Newt Gingrich and Jon Huntsman met yesterday at a Lincoln-Douglas-style debate at Saint Anselm College in Manchester, New Hampshire. There was one significant difference with the original. When Abraham Lincoln and Stephen Douglas squared off during the 1858 Illinois Senate race they disagreed bitterly on the issue of the day—slavery. In contrast, Gingrich and Huntsman mostly agreed with each other yesterday, giving their face-off what James Fallows of the Atlantic called the air of a “well-mannered talk show.”

The conversation focused on foreign policy. Both men gave lengthy—although seldom new—answers to the questions that came up. Huntsman said once again that the United States should reduce its troop levels in Afghanistan, that China is heading into a major political transition, and that the U.S. intervention in Libya was unwise. Gingrich criticized President Obama for “randomly using our forces” and making the United States “weaker” than it was ten years ago.
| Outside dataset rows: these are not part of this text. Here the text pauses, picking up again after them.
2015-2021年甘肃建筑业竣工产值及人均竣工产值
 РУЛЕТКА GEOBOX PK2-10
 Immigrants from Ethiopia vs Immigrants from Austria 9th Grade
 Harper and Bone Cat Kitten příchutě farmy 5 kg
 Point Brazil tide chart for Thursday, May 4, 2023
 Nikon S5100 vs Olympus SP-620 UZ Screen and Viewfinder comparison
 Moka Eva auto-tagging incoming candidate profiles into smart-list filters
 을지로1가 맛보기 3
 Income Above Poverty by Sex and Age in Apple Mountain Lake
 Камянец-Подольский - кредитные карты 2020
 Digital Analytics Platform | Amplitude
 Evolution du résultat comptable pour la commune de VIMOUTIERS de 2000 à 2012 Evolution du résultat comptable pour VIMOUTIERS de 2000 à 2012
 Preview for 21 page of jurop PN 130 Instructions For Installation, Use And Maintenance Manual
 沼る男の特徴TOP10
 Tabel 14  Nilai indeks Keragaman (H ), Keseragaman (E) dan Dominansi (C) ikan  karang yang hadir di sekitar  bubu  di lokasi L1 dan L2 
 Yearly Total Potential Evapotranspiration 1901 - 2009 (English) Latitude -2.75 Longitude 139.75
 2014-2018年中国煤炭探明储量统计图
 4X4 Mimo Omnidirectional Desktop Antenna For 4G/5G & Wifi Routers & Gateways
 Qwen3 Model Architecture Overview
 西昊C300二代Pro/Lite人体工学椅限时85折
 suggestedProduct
Gingrich and Huntsman edged toward new ground on defense. The former speaker, whose father was once stationed in Stuttgart, wondered why the United States still maintains large bases in Germany, when, as Huntsman pointed out “Russians aren’t coming anymore.” Gingrich stopped short of saying that these European bases should be closed. He did wonder—after pointing out that he once taught geography—about the wisdom of the military running Africa Command (AFRICOM) out of Germany. (Two reasons: One, AFRICOM grew out of European Command [EUCOM] and can save costs by taking advantage of its well-developed infrastructure, and two, no African country is eager to host a U.S. military headquarters on its soil.)

Looking forward, Gingrich advocated overhauling DoD, State, and USAID, arguing that a “thoroughly modernized, leaner management system than we have today” would help trim spending. (Calls for such reforms are a hardy perennial in Washington, and Gingrich didn’t lay out any new plans or explain why his reform ideas are more likely to take hold than the dozens of reform proposals that have been floated over the years only to flop.) Huntsman for his part called for focusing on asymmetric threats because “we’re probably not looking at a massive land war anytime soon.”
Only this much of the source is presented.